**Exercise objective:** Copied exactly and without pictures, the lines from the beginning of the entries through the one that holds "Robe Kenzo 36 Multicolore 11" should form the entire reply.

#### Supplied information ####

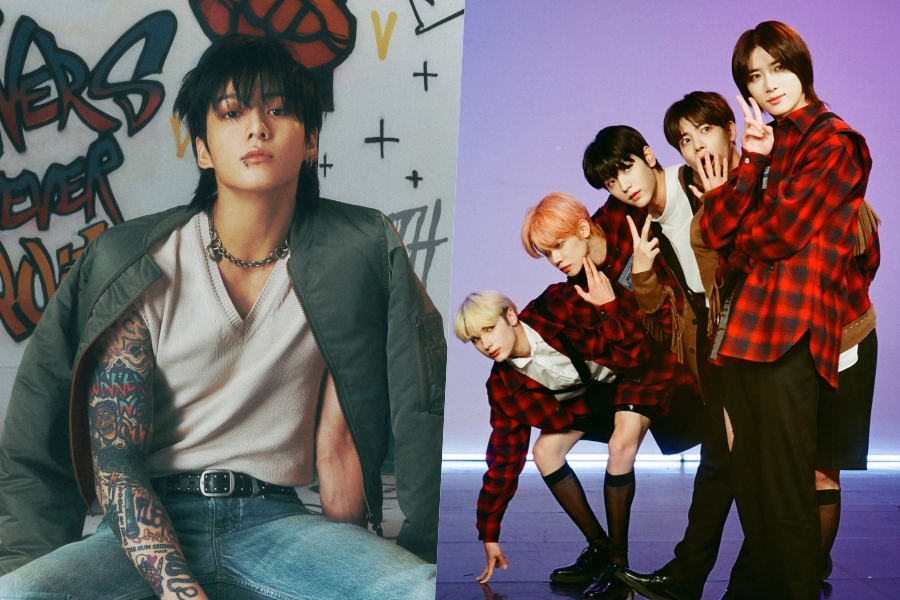 BTS 的 Jungkook 和 TXT 在 2023 年 MTV 欧洲音乐奖 (EMA) 中获奖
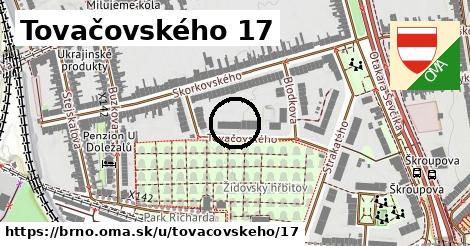 Tovačovského 17, Brno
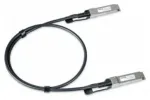 LANCOM SFP-DAC100-1m (Bulk8) InfiniBand / optinio pluo&scaron;to DAC kabelis Black, Steel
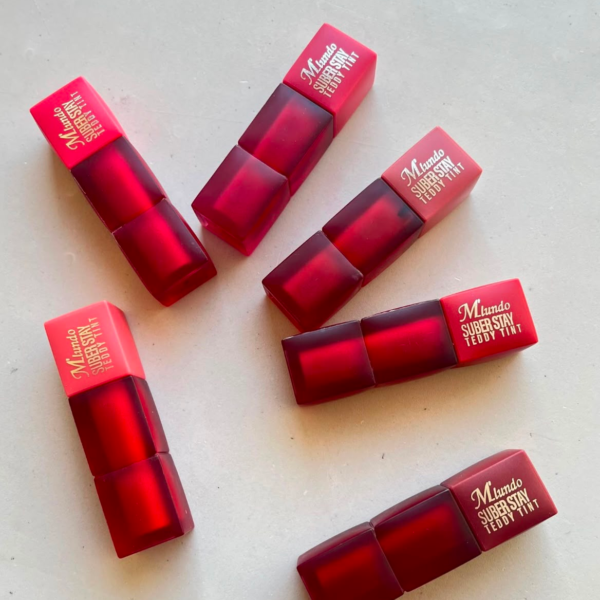 Teddy tint dupe maybelline super stay.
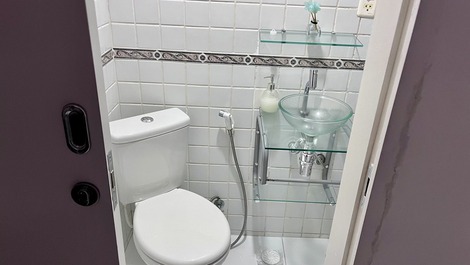 Excellent apartment one block from Ponta Verde beach in Maceió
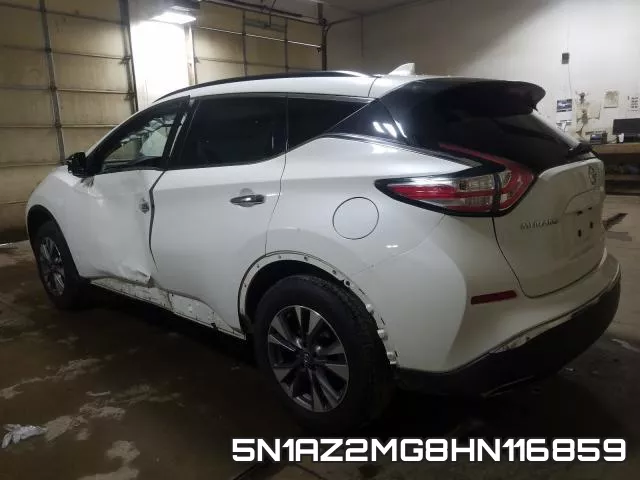 5N1AZ2MG8HN116859 фото 4
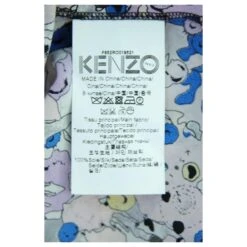 Robe Kenzo 36 Multicolore 11 Robe Kenzo 36 Multicolore -ModeChic Magasin 644754 6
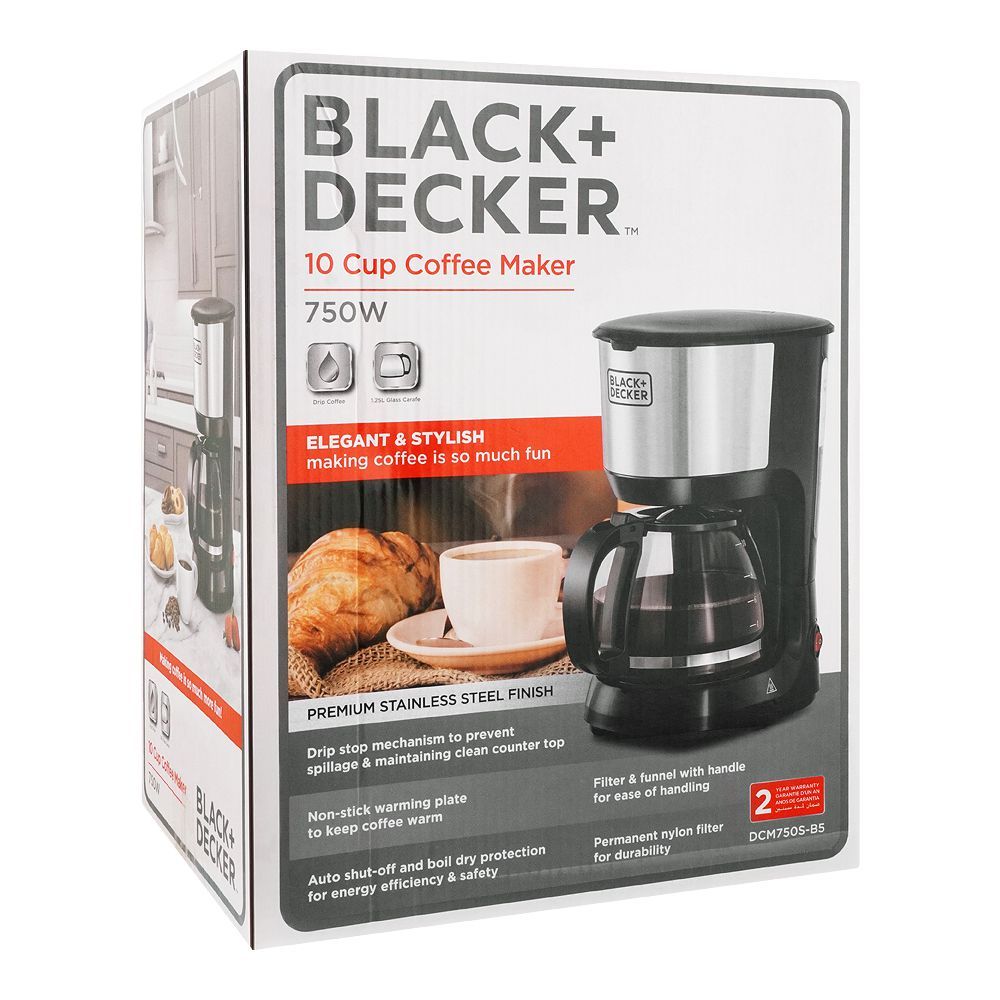 COFFEE MAKER BLACK+DECKER - DCM7505-B5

####

**Task output:**
 BTS 的 Jungkook 和 TXT 在 2023 年 MTV 欧洲音乐奖 (EMA) 中获奖
 Tovačovského 17, Brno
 LANCOM SFP-DAC100-1m (Bulk8) InfiniBand / optinio pluo&scaron;to DAC kabelis Black, Steel
 Teddy tint dupe maybelline super stay.
 Excellent apartment one block from Ponta Verde beach in Maceió
 5N1AZ2MG8HN116859 фото 4
 Robe Kenzo 36 Multicolore 11 Robe Kenzo 36 Multicolore -ModeChic Magasin 644754 6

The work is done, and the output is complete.